Для паломников в Индию нет повести возвышенней и печальнее, чем повесть о трагической любви Шах-Джахана и Мумтаз-Махал.
…Великий правитель, унаследовавший после череды кровопролитных войн одну из самых богатых империй с несметным богатством и россыпями сапфиров, рубинов, алмазов, всячески покровительствовал предприимчивому люду. Особенно поэтам, музыкантам, артистам, а также ювелирам, красотами и художествами преумножающим прежде всего его богатство и славу. Так что когда его идиллическая жизнь на четвертом году царствования была коварно омрачена смертью молодой, самозабвенно любимой жены – потерей невосполнимой драгоценности, шах не смог не отозваться на эту утрату творением столь же уникального сокровища. И начиная с 1632 года в течение более двадцати лет он возводит их общую усыпальницу, ставшую жемчужиной мирового зодчества…

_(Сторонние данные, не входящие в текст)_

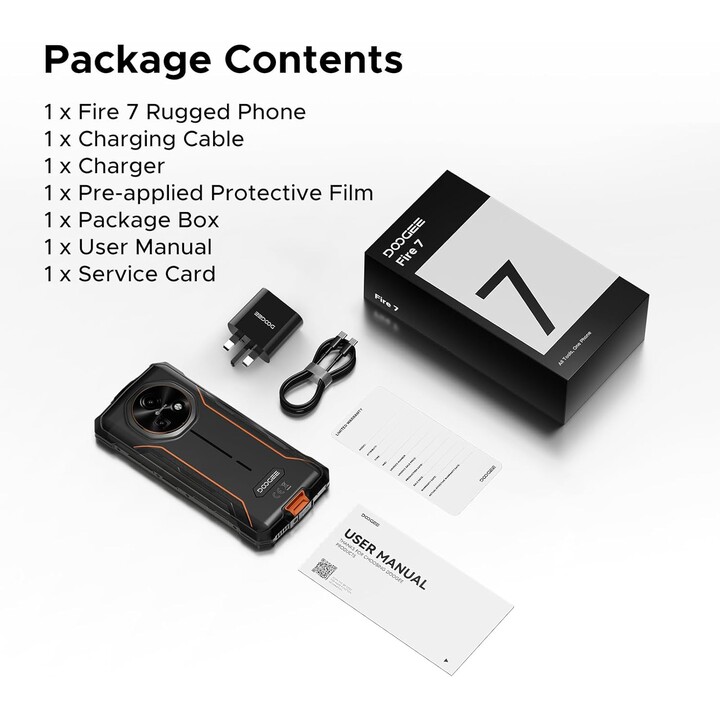 DOOGEE Fire 7 5G, 16GB+256GB/2TB, Android 15, 13000mAh/18W, 6.6 HD+ 90Hz, 64MP+16MP, Gray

Открытки, даже кинокадры лишь останавливают, а фактически убивают прекрасные мгновения, из замысловатых узоров-ракурсов которых и складывается пространственно-временная выразительность зодчества. В этой связи мраморная усыпальница предстает сокровищем не сама по себе, но в соответствующем обрамлении-кладовой, которая бережно запрятывает-оберегает его от однообразной повседневности и выстраивает знакомство-приобщение к сокровищу в выразительный ритуал.
Сначала приходится пройти первые Ворота, денно-нощно охраняемые живыми экспонатами с ружьями невесть какой старины-происхождения. В нужный момент кто-то неслышно отдает команду: «Сезам, откройся!» – и открывается… нет, не Оно, а только вытянутый, «отороченный» глухими стенами проход с тотальной проверкой вещей-карманов. Это, понятно, уже современная необходимость антитеррора, но и еще один повод-средство продемонстрировать уникальность предстоящего зодческого сокровища.
Только после этого попадаешь на… следующий рубеж «обороны»: еще более внушительная стена неприступной крепости в контрастно красных тонах. Выждав свое, она, расширяясь, образует просторную площадь, где перед тобой разворачиваются грандиозные врата, увенчанные двадцатью двумя куполами – по числу лет строительства усыпальницы (фото 1). Однако главная символика этих ворот в том, что они задают торжественное напряжение и определяют теперь уже безупречно прямую ось, на которую нанизана глубокая перспектива на искомую святыню.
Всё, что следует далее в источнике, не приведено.